Alice Haylett Bryan is a PhD candidate and Graduate Teaching Assistant at King's College London, where she has recently submitted a thesis on womb phantasies in international horror and extreme cinema. Her research interests include gender and sexuality in contemporary North American horror cinema, and Japanese psychoanalytic theory.
Troy Bordun will soon defend his dissertation in Cultural Studies at Trent University. His dissertation is about spectatorship and genre in the films of Carlos Reygadas and Catherine Breillat. He has recently published reviews and essays in Senses of Cinema, Film-Philosophy, Studies in European Cinema, CineAction, and Synoptique (forthcoming). Troy was also a former film-programmer for Trent Film Society. During his tenure for TFS he curated two exhibitions: one on the history of non-narrative cinema and the other on history of moving-image pornography up to 1972.

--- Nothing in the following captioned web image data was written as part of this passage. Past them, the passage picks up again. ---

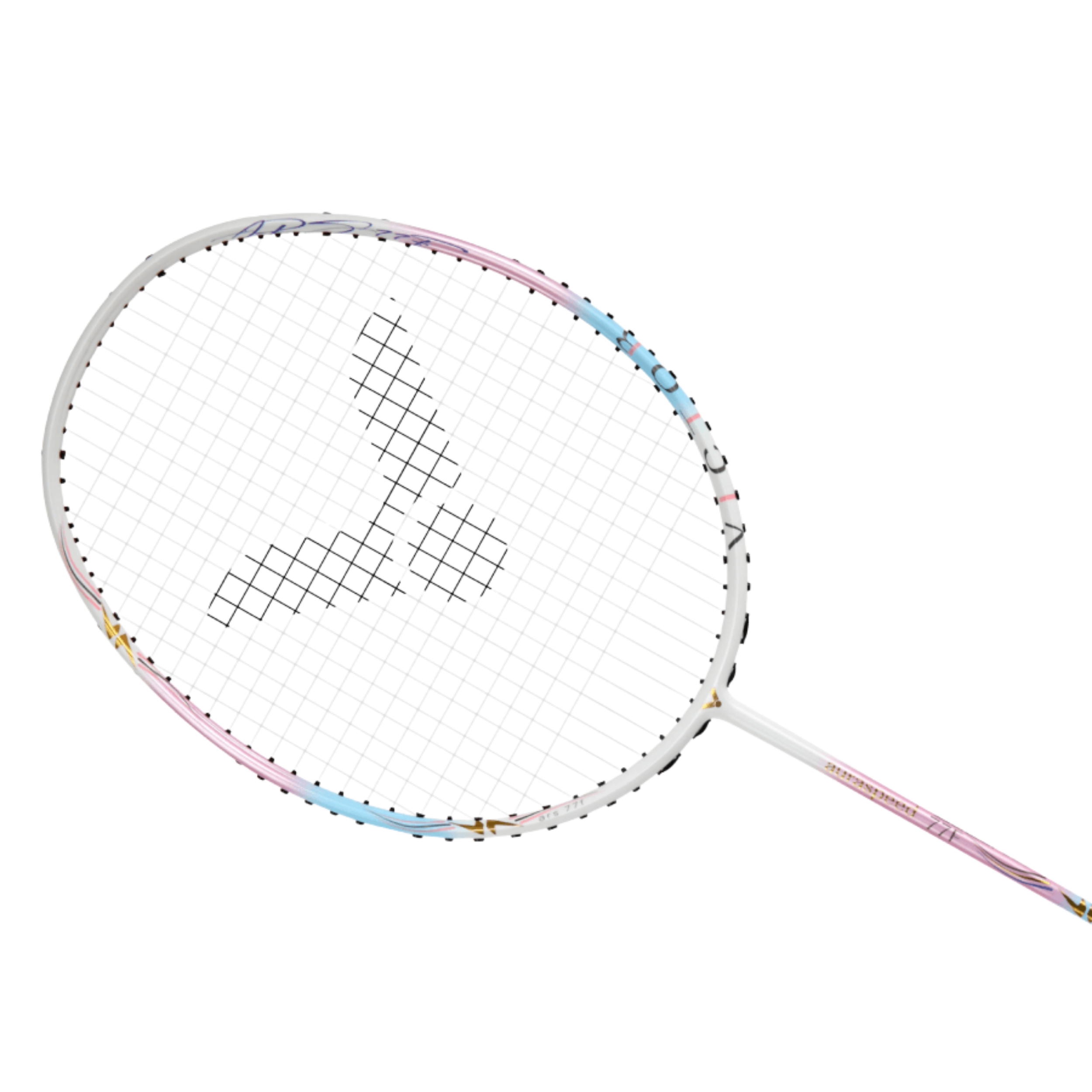 Victor Auraspeed 77F Badminton Racket - Light Pink / Blue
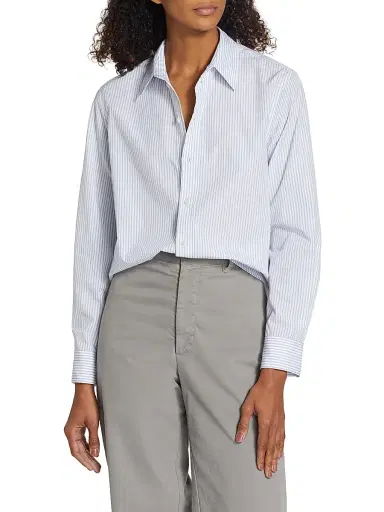 Nili Lotan Women's Raphael Classic Striped Shirt | Thumbnail 3 Nili Lotan Women's Raphael Classic Striped Shirt | Thumbnail 3
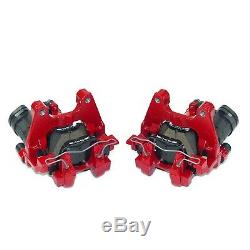 Brakes Front Rear Vw Golf Gti 7 VII Performance Brake Calipers Red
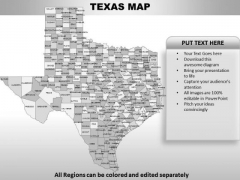 Texas PowerPoint Maps Texas PowerPoint Maps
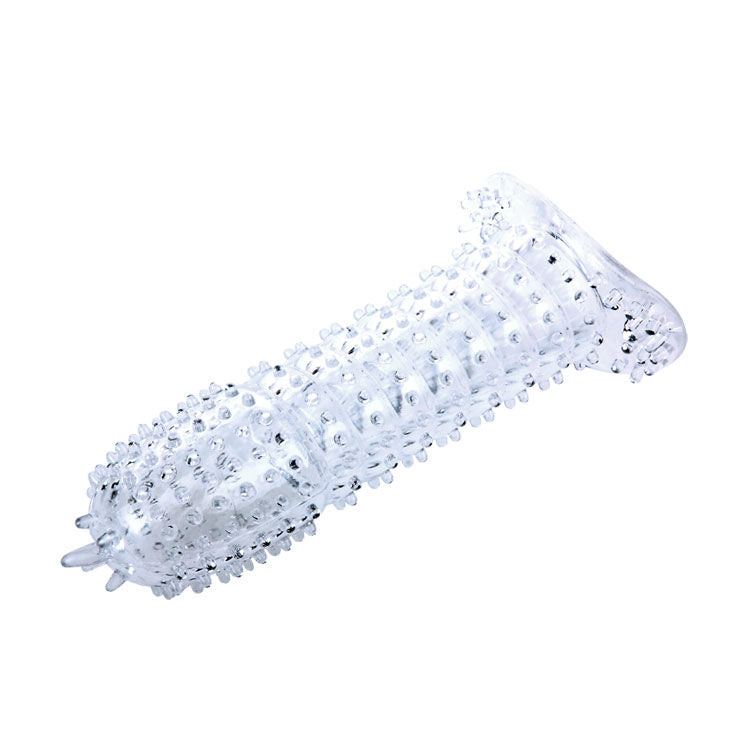 Funda transparente con puntos estimulantes 14.2 cm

Dr Oliver Carter is a senior lecturer in media and cultural theory and a founding member of the Body Genres research cluster at the Birmingham Centre for Media and Cultural Research, Birmingham City University. His research focuses on alternative economies of media production, particularly fan enterprise and cult film distribution. He has published work discussing cult fan practices that appears in Murders and Acquisitions: Representations of the Serial Killer in Popular Culture (A MacDonald, Ed.) and The Piracy Effect (R. Braga and G. Caruso, Eds.) and is the author of the forthcoming monograph Making European Cult Cinema: Fan Enterprise in an Alternative Economy, published by Amsterdam University Press. He is currently co-editing a book about British media censorship with John Mercer (Birmingham City University) and Mark McKenna (Glyndŵr University).
Dr Costas Constandinides is Assistant Professor of Film Studies in the Department of Communications at the University of Nicosia. He is the author of From Film Adaptation to Post-celluloid Adaptation (Continuum, 2010) and co-editor of Cypriot Cinemas: Memory, Conflict, and Identity in the Margins of Europe (Bloomsbury, 2014). He is a member of the European Film Academy and a member of the Artistic Committee of Cyprus Film Days IFF.
Dr Neil Fox is a course co-ordinator in Film at Falmouth University. His research interests include film education and music documentaries, and he writes for The Quietus, Clash and The Big Picture in the UK Bright Wall/Dark Room in the US amongst others. He has recently contributed to books published by Intellect and Bloomsbury. He has written and produced award-winning short films, directed and curated international film festivals and is the co-founder and host of The Cinematologists podcast.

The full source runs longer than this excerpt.